Há pouco mais de duas semanas, realizou-se uma das maiores apreensões de droga na zona marítima próxima da Madeira: sete toneladas de cocaína que eram transportadas em dois barcos de pesca tripulados por dez cidadãos brasileiros. A notícia da apreensão foi avançada pela Polícia Judiciária, que chamou a si a autoria da operação, em conjunto com a Autoridade Marítima Nacional e a Força Aérea Portuguesa, com a colaboração de polícias do Brasil, EUA e Reino Unido. Nos últimos dias, contudo, várias páginas de Internet e publicações no Instagram e Facebook referem que a operação foi liderada pela Marinha Francesa. Terá sido mesmo assim?
São muitos os textos que circulam na Internet, em sites e páginas não oficiais, em língua portuguesa e castelhana, que atribuem à Marinha Francesa o protagonismo principal nesta operação antidroga. Aparentemente, tais dados começaram a ser publicados a 26 de Novembro passado, cinco dias depois de as autoridades portuguesas terem anunciado a apreensão. “A Marinha Francesa interceptou, no sábado 22, próximo à ilha da Madeira, dois barcos pesqueiros que haviam saído do litoral de Santa Catarina [estado brasileiro] com mais de 7 toneladas de cocaína”, lê-se num artigo da brasileira Revista Oeste, que é ilustrado com uma foto da fragata francesa ‘Forbin’ (D620), que, por essa altura, navegava noutras águas, designadamente na Córsega.
A mesma informação foi reproduzida pelo site espanhol Defensa.com, que ilustra a notícia com a foto de um militar francês a seguir uma operação de abordagem a um barco de pesca no mar.
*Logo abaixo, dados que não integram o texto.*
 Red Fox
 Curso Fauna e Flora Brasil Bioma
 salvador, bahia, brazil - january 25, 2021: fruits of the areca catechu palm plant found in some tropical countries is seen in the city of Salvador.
Uma pesquisa por imagens na Internet mostra que essa fotografia é referente a outra operação antidroga, realizada efectivamente pela Marinha Francesa, mas a 22 de Setembro de 2025, ao largo da costa africana. Cerca de 9,6 toneladas de cocaína foram apreendidas nessa operação a bordo de um barco de pesca. A escolha de uma foto referente a outra operação não ajuda à credibilidade da informação.
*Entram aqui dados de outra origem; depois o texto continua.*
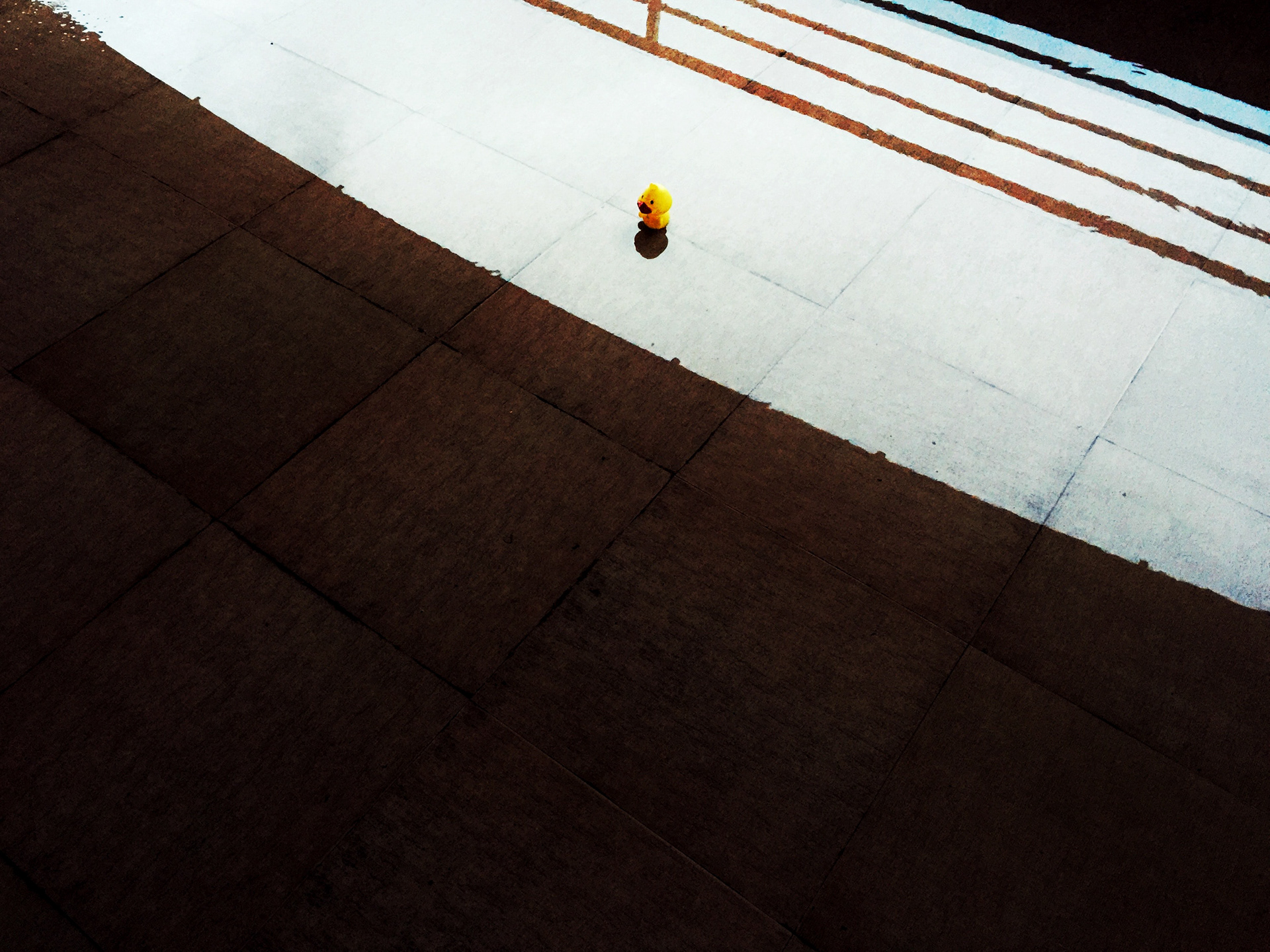 Rubber Duck. Mangalore, 2016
Mas para avaliar até que ponto aqueles dados são fidedignos é preciso consultar as informações divulgadas pelas entidades oficiais envolvidas na operação contra o narcotráfico realizada nas proximidades da ilha da Madeira. O primeiro anúncio da operação foi feito a 21 de Novembro passado pela Polícia Judiciária. Através de comunicado, aquela polícia de investigação revelou que, “com o apoio da Marinha, da Autoridade Marítima Nacional e da Força Aérea Portuguesa”, tinha desencadeado uma operação de combate ao tráfico internacional de estupefacientes, por via marítima, tendo sido interceptadas duas embarcações de pesca, em alto mar, tendo como território mais próximo a ilha da Madeira. Foram detidos 10 cidadãos estrangeiros a bordo e apreendidos mais de sete mil quilos de cocaína. A investigação da PJ iniciou-se com base em informação remetida pelo Maritime Analysis and Operations Centre – Narcotics (MAOC-N) A investigação contou, ainda, com a colaboração internacional da Polícia Federal do Brasil, da agência DEA (Drug Enforcement Administration, dos EUA), da JIATF South (Joint Interagency Task Force South, dos EUA) e da NCA (National Crime Agency, do Reino Unido).
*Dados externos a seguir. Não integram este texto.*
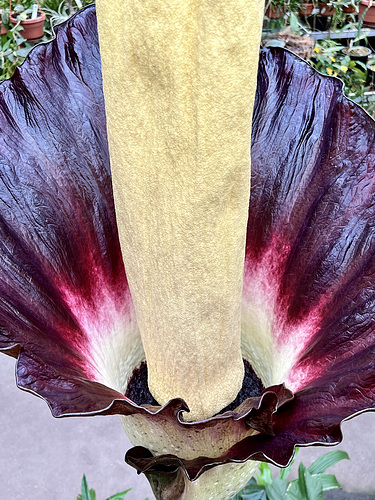 Hortus Botanicus 2023 – Flowering of two Amorphophallus Gigas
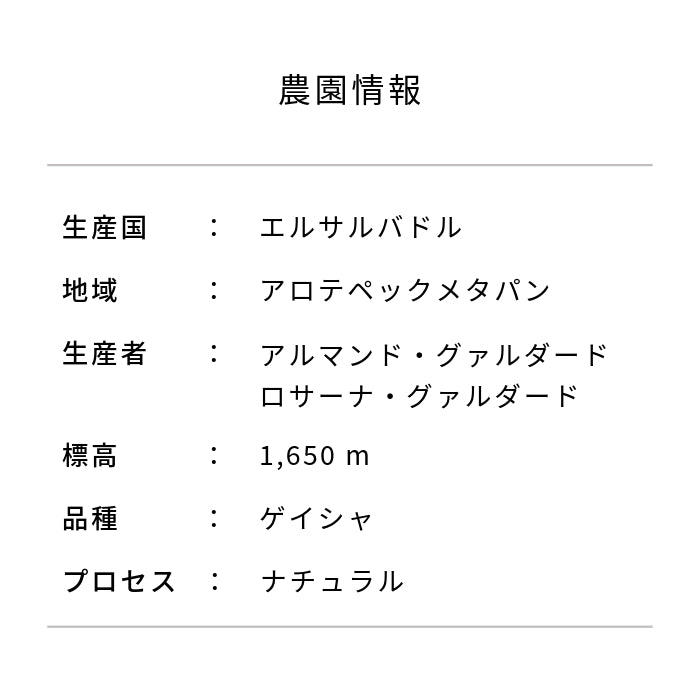 エルサルバドル トレス・ポソス農園 ゲイシャ ナチュラル - 生豆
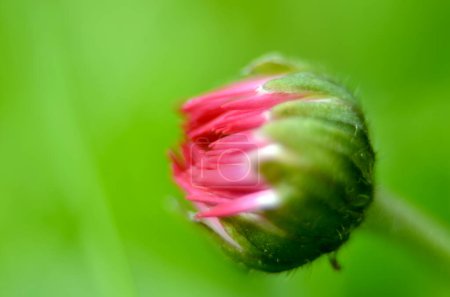 Téléchargez les photos : Pink flower bud macro image blurred - en image libre de droit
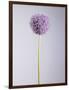 Persian onion-null-Framed Photographic Print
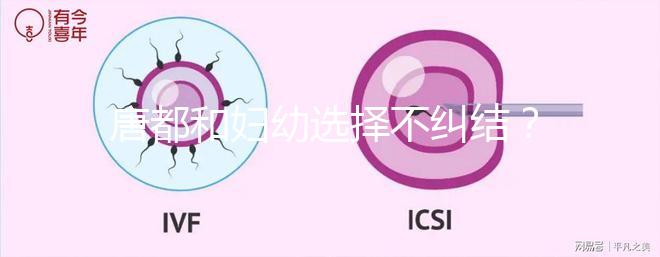 唐都和婦幼選擇不糾結(jié)?西安做試管嬰兒前要了解這些......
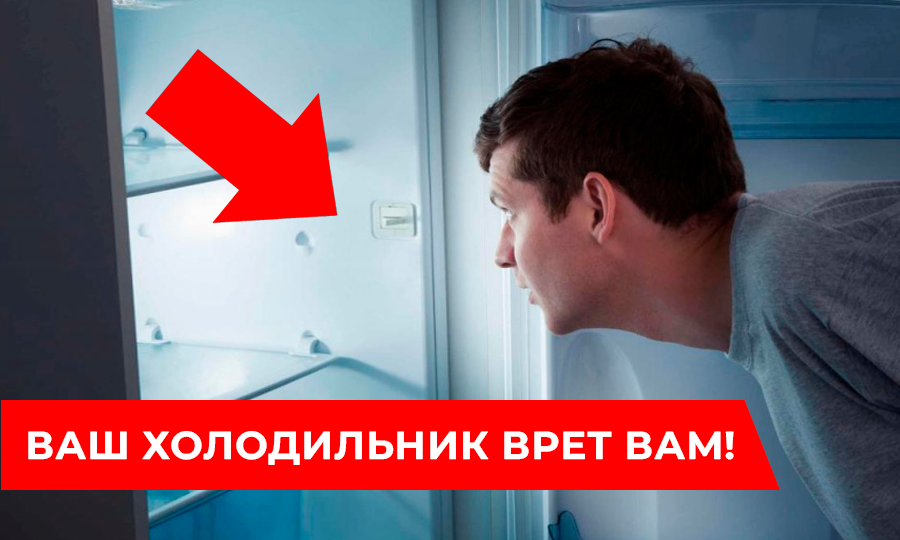 Как правильно выбрать холодильник: 7 секретов, которые производители не хотят, чтобы вы знали!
No dia 22 de Novembro, a Marinha Portuguesa divulgou nas redes sociais uma nota e um vídeo, onde faz referência a estas mesmas entidades internacionais. A mesma informação foi divulgada a 24 de Novembro pelo Maritime Analysis and Operations Centre – Narcotics num comunicado em língua inglesa.
As publicações da PJ, Marinha Portuguesa e Maritime Analysis and Operations Centre – Narcotics mostram imagens da apreensão de droga e não é feita qualquer referência a uma eventual colaboração de entidades francesas. A isto acresce que o site oficial da Marinha Francesa não faz qualquer menção a um eventual envolvimento dos seus navios em operações antidroga nesta área do Atlântico.
A conjugação destas informações leva-nos a concluir serem erróneas as muitas publicações que atribuem à Marinha Francesa méritos na apreensão de sete toneladas de cocaína na área da Madeira.